= Beginning of Section =

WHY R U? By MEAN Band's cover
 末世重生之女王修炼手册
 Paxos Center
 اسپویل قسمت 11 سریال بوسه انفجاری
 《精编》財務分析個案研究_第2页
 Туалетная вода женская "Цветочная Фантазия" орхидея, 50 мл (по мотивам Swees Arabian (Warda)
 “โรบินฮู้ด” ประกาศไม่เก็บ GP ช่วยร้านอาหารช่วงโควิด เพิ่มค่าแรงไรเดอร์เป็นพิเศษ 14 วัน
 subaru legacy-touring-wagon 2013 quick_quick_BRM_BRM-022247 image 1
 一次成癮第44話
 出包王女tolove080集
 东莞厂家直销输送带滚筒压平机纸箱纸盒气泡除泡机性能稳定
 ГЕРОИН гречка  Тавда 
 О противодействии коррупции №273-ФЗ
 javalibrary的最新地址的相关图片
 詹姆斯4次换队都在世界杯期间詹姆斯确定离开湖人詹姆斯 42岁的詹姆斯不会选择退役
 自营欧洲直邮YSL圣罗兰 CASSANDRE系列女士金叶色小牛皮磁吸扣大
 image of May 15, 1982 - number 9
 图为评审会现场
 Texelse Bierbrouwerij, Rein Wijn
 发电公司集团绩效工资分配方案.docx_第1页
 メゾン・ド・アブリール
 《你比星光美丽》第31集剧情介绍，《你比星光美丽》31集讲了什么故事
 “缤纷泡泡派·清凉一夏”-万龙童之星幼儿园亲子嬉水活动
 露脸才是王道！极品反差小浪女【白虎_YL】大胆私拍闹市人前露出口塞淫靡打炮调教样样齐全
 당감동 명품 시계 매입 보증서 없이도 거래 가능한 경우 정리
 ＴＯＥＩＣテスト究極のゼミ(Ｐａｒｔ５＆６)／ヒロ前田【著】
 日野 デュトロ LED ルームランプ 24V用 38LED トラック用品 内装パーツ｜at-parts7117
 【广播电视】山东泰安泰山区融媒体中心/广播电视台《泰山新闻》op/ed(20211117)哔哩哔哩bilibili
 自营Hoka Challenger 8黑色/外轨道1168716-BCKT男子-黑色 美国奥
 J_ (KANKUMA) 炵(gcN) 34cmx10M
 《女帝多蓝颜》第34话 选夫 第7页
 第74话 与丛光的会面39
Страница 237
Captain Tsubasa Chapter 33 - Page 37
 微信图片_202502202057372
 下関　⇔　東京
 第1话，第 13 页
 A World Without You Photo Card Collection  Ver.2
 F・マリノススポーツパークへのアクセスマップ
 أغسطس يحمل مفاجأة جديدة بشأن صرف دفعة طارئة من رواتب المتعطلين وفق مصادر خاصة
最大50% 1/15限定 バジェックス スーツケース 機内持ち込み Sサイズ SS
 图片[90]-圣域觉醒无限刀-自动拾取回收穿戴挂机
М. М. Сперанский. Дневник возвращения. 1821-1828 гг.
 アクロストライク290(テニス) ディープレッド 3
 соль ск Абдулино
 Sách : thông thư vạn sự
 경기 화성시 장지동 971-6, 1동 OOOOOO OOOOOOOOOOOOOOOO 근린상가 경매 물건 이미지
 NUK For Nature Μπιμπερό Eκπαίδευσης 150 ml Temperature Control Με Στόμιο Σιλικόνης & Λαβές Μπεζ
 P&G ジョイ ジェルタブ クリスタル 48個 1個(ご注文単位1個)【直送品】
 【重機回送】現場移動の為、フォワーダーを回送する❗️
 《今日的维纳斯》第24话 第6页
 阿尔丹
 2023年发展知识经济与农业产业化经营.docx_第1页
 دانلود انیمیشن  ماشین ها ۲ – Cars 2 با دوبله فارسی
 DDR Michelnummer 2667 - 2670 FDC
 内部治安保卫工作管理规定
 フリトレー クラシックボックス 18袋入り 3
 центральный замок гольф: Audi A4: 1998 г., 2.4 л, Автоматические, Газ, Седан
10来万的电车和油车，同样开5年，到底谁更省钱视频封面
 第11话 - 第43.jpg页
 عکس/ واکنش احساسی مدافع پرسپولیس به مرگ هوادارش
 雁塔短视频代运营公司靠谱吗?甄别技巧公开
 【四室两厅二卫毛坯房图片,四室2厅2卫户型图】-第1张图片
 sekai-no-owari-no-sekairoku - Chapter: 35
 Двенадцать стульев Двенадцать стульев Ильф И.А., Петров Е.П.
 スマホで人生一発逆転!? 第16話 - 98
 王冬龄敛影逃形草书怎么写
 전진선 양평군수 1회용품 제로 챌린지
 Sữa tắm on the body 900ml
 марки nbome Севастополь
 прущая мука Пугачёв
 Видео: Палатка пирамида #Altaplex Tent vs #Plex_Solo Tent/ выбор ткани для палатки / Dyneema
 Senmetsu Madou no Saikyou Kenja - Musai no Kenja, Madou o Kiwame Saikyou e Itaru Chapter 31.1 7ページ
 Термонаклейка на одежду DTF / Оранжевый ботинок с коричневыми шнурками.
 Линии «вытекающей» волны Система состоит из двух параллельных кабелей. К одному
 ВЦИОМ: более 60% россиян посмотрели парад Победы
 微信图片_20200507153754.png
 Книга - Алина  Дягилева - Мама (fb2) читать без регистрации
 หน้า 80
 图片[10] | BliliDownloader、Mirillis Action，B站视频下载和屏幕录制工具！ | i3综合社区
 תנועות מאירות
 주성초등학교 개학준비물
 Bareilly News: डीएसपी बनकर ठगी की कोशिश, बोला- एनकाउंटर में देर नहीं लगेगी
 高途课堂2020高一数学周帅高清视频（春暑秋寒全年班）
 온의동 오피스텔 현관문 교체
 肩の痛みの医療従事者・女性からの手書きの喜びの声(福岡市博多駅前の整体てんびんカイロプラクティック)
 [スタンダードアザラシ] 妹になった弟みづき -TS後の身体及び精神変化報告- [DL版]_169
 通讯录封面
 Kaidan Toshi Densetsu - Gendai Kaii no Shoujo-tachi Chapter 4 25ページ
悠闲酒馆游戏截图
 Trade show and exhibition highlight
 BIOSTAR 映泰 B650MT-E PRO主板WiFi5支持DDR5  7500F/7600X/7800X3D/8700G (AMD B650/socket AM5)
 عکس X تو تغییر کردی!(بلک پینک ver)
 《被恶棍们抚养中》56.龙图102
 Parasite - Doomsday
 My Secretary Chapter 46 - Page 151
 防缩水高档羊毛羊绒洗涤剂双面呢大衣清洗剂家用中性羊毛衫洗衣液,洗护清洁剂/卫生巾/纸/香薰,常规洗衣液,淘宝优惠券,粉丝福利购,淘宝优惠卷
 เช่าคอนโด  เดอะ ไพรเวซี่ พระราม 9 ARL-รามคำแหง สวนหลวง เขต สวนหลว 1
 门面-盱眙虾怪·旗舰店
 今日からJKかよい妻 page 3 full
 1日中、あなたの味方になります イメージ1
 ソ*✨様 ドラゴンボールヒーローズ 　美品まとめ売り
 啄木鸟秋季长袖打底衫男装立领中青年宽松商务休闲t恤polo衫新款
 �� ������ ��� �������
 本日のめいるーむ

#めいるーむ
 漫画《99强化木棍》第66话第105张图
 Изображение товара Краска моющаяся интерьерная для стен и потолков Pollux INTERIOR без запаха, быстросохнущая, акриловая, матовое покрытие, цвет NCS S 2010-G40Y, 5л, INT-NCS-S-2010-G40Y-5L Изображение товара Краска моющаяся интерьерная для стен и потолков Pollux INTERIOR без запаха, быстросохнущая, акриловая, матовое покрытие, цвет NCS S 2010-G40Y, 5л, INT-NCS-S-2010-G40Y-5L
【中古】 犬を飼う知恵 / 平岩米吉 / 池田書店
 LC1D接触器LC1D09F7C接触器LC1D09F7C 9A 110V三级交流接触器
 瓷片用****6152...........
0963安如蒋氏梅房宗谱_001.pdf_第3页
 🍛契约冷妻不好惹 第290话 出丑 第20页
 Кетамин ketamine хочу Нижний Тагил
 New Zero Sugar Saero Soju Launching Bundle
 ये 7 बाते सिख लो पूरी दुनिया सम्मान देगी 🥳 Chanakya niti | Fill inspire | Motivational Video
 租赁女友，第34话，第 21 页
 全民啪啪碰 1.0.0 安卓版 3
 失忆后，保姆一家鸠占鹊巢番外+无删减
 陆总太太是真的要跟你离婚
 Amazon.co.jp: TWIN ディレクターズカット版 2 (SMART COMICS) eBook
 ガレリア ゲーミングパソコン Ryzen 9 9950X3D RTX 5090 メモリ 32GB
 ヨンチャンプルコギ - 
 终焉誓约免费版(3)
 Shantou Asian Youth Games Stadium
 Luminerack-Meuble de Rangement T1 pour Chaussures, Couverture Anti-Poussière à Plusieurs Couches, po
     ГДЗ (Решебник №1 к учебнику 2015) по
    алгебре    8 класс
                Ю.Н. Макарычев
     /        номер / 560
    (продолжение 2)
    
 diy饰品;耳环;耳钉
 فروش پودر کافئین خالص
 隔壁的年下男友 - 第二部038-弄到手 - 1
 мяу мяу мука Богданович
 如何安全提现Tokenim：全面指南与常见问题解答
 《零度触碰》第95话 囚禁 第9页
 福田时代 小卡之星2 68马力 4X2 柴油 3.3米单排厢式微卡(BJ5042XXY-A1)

= End of Section =

Task to complete -
Select every line in the material above where the string "image" occurs, and copy it.

Response to this exercise -
 subaru legacy-touring-wagon 2013 quick_quick_BRM_BRM-022247 image 1
 image of May 15, 1982 - number 9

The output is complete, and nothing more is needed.